While hearing aids make life easier for many people, limited battery life can be problematic. Scientists have begun to address this gap by designing a hearing aid that does not require batteries.
Currently under development at the Huazhong University of Science and Technology in China, the prototype of the device incorporates a spongy material
with both piezoelectric and triboelectric qualities.
MEMO - The materials piezoelectric produce an electric current when subjected to mechanical stress while the devices triboelectrics generate an electrical charge in a material allowing it to enter and exit contact with another material.
How is the “infinite” hearing aid made?
Scientists have created, as mentioned, a piezo-triboelectric material. They did this by coating barium titanate nanoparticles with silicon dioxide. Second, they mixed these particles into a liquid conductive polymer, then again drying the resulting mixture into a thin, flexible membrane. Finally, they used an alkaline solution to dissolve the silicon dioxide shells of the nanoparticles, leaving these nanoparticles free to "float" within the matrix. polymer. How did they then get a hearing aid?

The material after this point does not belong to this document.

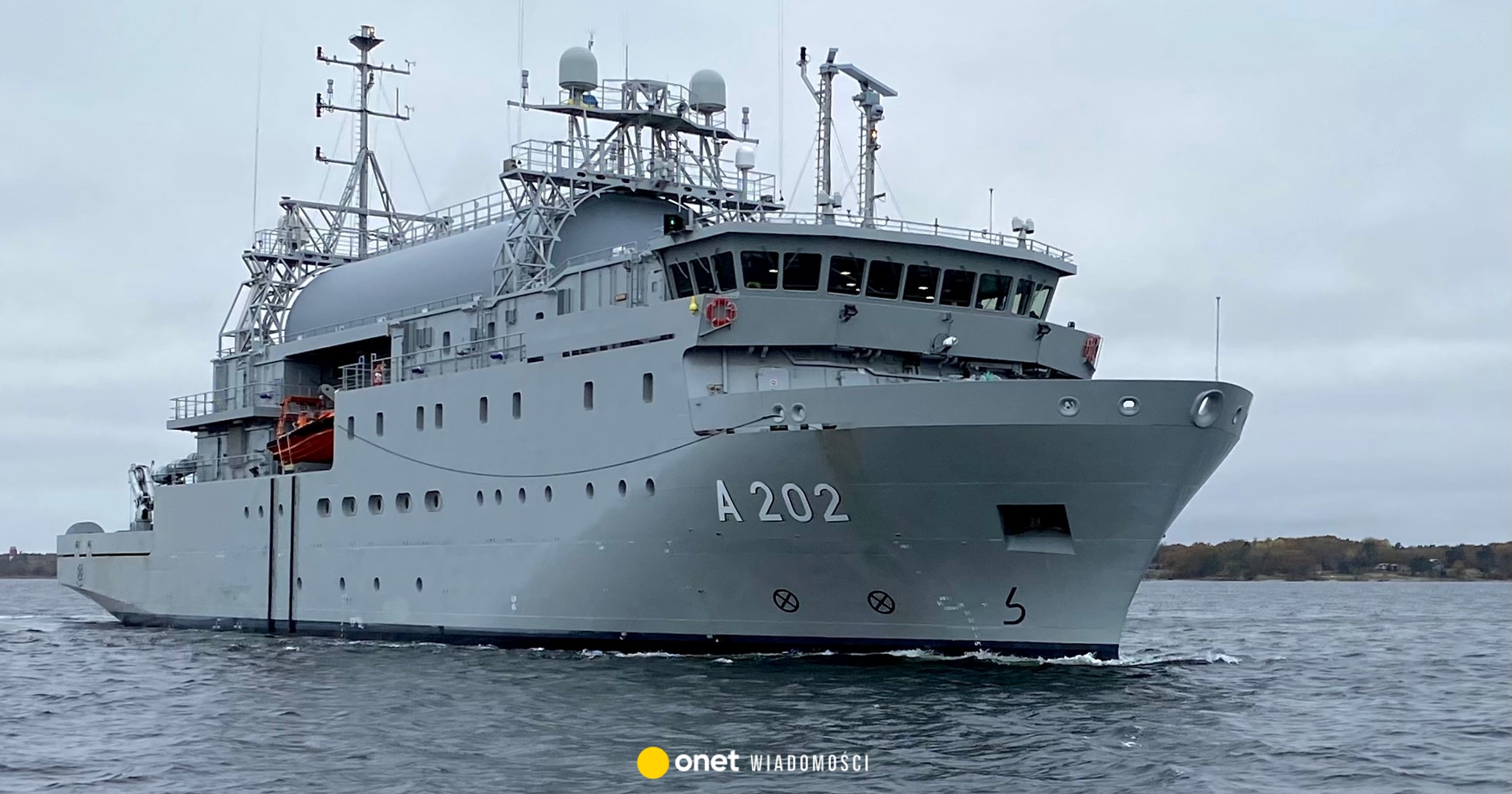 OnetWiadomosci's tweet card. Na Morzu Bałtyckim w archipelagu sztokholmskim rozpoczęły się w poniedziałek ćwiczenia Merlin, których celem jest "wzmacnianie zdolności NATO w zakresie polowań na okręty podwodne" — podały siły...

After the membrane was sandwiched between two thin metal grids, the team subjected it to sound waves. These waves made the entire membrane vibrate back and forth, generating an electric current via the piezoelectric effect. Furthermore, as the nanoparticles bounced off the walls of their hollow polymer chambers, the researchers generated a triboelectric charge, which increased the membrane's total electrical power by 55% compared to what would have been possible with piezoelectricity alone.
Result? No battery. The device powers itself.

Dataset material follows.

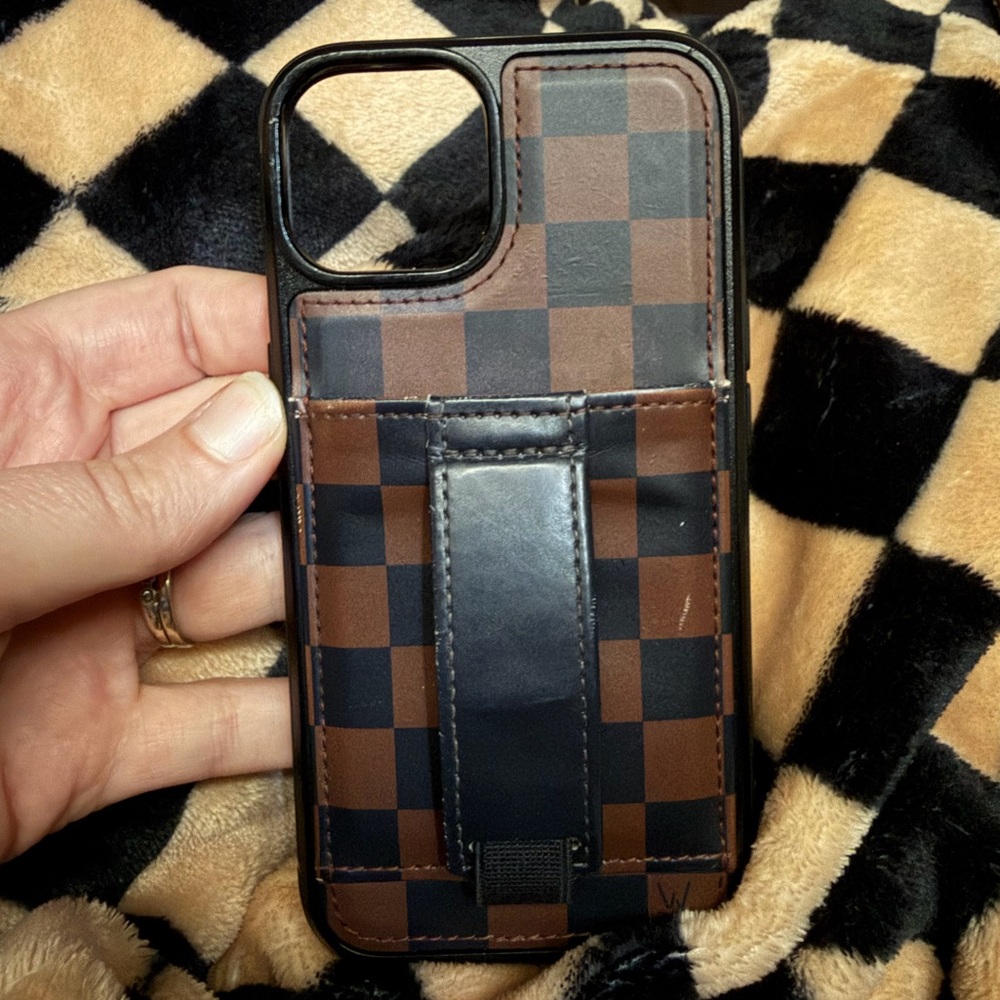 Walli iPhone 14 case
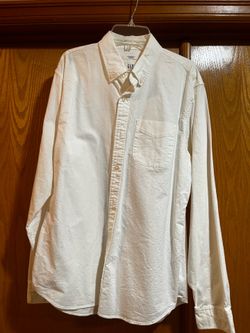 Men’s casual dress shirt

The team tested the hearing aid by mounting it inside a scale model of a human ear, then playing the music in that model. When the team converted the electrical signals produced by the prototype into a digital audio file, the result was very similar to the original music.
Further testing indicated that the hearing aid is sensitive to a wide range of sounds, so it should be able to detect most voices and other sounds in the range of human hearing. An article on the research, led by Yunming Wang, was recently published in the ACS Nano magazine.